→ **ASSIGNED TASK**
Only a number is expected: how many lines in the data below contain the word "Phone".

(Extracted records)
• • •
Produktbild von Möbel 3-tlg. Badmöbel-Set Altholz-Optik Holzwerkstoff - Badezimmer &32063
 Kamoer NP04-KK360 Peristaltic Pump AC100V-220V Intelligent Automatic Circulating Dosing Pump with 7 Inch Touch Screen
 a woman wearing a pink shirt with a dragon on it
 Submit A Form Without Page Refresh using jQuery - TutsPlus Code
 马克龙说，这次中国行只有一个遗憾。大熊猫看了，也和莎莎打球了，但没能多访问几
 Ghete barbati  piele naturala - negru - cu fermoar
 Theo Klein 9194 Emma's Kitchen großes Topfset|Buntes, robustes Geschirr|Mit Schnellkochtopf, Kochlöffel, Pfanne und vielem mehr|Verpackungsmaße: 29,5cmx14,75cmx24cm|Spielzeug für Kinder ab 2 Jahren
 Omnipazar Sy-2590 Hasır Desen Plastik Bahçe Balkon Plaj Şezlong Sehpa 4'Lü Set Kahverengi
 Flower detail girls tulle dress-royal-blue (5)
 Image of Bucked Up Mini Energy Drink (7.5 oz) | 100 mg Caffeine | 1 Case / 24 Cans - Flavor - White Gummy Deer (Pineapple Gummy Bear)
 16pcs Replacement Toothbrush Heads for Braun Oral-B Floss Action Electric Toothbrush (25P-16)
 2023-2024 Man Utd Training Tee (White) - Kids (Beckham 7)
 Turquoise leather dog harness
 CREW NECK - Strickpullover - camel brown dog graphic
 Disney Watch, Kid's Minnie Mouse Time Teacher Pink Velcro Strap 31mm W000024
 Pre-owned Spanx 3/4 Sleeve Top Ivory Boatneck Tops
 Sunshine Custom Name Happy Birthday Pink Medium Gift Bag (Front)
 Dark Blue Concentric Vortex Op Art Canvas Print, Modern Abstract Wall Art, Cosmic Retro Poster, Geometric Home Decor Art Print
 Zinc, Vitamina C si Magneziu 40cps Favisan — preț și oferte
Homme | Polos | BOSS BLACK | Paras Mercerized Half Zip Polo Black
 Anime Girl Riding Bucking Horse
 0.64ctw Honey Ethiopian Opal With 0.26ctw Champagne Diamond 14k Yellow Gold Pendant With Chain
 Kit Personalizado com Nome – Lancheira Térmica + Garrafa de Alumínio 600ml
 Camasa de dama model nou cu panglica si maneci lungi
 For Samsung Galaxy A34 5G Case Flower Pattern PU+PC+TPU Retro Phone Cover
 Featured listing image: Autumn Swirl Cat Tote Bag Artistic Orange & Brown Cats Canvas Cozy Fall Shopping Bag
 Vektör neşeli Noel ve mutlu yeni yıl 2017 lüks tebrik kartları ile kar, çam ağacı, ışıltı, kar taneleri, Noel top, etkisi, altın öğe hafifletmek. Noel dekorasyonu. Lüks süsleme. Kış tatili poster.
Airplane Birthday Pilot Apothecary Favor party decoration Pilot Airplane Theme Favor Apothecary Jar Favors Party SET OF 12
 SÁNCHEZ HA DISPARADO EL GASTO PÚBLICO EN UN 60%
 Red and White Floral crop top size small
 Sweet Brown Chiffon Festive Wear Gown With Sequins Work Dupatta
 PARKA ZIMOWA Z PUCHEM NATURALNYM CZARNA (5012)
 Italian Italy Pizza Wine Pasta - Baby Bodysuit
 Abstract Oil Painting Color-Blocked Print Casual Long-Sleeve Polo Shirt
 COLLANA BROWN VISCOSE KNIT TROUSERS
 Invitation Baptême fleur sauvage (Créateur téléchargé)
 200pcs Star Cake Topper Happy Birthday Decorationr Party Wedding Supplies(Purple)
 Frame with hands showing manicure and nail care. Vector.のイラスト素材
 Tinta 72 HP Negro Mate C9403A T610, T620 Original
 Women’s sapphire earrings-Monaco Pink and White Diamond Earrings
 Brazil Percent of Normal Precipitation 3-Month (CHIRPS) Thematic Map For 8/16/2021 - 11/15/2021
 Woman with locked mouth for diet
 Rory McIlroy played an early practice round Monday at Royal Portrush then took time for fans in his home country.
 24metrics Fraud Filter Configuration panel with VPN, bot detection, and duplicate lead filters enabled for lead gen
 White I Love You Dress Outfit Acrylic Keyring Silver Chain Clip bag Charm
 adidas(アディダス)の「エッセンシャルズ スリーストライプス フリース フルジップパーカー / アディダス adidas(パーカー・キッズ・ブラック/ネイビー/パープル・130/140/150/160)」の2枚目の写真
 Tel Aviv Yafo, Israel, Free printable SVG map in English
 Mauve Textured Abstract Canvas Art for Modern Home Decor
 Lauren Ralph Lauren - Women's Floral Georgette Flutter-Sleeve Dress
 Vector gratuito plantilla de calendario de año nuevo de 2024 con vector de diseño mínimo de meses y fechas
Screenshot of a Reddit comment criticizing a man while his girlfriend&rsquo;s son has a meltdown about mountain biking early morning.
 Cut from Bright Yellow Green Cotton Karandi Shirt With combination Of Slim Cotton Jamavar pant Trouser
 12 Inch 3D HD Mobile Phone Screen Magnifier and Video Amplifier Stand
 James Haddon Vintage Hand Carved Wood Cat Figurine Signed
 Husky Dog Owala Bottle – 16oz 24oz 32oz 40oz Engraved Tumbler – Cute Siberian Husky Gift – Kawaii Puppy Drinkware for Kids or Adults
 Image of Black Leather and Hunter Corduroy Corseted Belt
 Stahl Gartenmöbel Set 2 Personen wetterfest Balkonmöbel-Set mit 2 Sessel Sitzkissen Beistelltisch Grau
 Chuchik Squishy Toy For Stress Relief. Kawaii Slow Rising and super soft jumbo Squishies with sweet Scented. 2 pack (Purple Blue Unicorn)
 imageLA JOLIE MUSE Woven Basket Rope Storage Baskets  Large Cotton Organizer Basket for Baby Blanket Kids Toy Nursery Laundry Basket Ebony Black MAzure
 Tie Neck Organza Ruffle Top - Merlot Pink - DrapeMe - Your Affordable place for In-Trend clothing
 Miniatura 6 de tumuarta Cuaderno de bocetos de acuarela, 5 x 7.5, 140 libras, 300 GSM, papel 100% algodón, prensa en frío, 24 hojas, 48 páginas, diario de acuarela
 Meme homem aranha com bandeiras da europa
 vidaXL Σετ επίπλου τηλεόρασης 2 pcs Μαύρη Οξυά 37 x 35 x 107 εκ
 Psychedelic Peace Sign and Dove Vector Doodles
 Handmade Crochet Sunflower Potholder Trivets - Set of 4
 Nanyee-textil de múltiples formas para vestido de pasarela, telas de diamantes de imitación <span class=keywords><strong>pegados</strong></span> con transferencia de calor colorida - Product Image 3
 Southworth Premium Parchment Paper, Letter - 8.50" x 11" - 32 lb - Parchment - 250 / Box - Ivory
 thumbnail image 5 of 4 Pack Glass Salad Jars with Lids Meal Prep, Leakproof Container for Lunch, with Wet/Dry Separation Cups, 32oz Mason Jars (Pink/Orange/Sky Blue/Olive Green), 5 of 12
• • •
→ **EXERCISE ANSWER**
2